Review: 'Excess Flesh' [Fantasia Festival 2015]

Traditional cinematic fare, much of the time, feels a little sterile. Sure, there are the occasional outliers, the films that eschew whichever convention and are the stronger for it, but there’s also a reason why so many risk-averse films end up at the multiplex and pull in bushels of money: when it is done well, the formula works.

So, you might say that good movies do boring things well and great movies do interesting things well. It stands to reason, then, that the reverse is also true. Bad movies do boring things poorly, and horrible movies do interesting things poorly. Guess which category Excess Flesh, a horror film about eating disorders, falls into.

First, credit where it is due. There are moments in this film that are just revolting, and it’s not like the filmmakers broke the bank to pull them off. Success? And some credit, too, to the creative team for trying to do something new. No risk, no reward. No reward in this case either, mind you, but the adage stands.

The briefest of synopses before moving on: Jill (Bethany Orr) is jealous of her roommate Jennifer (Mary Loveless), because Jennifer can seemingly eat and drink whatever she wants and yet stay trim and bag herself a man at will. When Jennifer’s attentions turn to Rob (Wes McGee), Jill starts to lose it, and sets out to have her revenge on her friend.

Let’s be brief: this film is easy to hate. The acting is poor, the dialogue is poor, the plot is dull, and it’s just gross. To be fair, that last bit is largely the idea. The point of having multiple people binge-eating disgusting food and then acting like horrible monster is to be gross. But there are limits. There’s a point at which the grossness is just off-putting, and in this film, we arrive there almost immediately.

It’s not just the food. The characters are just as repugnant as the mountains of food they shove down their faces, and there is no refuge. We are trapped in this forsaken hole with these awful people and nothing to sustain us but images of gummy worms and half-eaten bags of chips. It’s unpleasant, and the kind of thing to incite a sudden interest in the ticking of a nearby clock.

Future filmmakers, take heed: Make whatever point you want, but if you do it in a way that people don’t want to watch, you’re not exactly making the most of your chosen medium.

Tonally, there is zero consistency to this film. Emotionally, characters are all over the place. Their motivations are never quite clear, and it’s a reliable bet that whatever is going on, it doesn’t really make sense.

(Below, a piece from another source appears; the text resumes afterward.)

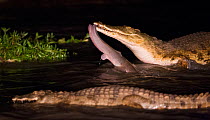 Nile crocodile with fish prey at night, South Luangwa National Park, Zambia. February.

This is one of those “because the script said so” movies, and there’s very little effort put in to make us believe.

There’s a “twist,” but it’s as lazy as the rest of the film, and if you’re not able to spot it coming within the first few minutes, it’s probably because you fell asleep. It’s cheap, and that’s aggravating, because twists for their own sake are worthless. You need to be surprised, or at the very least care that the characters are surprised. But how can we care when it doesn’t feel like anyone making the film did?

This is a young team of creative people, and it’s very possible that they have something good in them. But this is not that thing. This feels lazy and uninspired, and the chances it dares to take are ruined by the fact that the execution is so poor. Whatever your feelings on indie horror, this is one to avoid.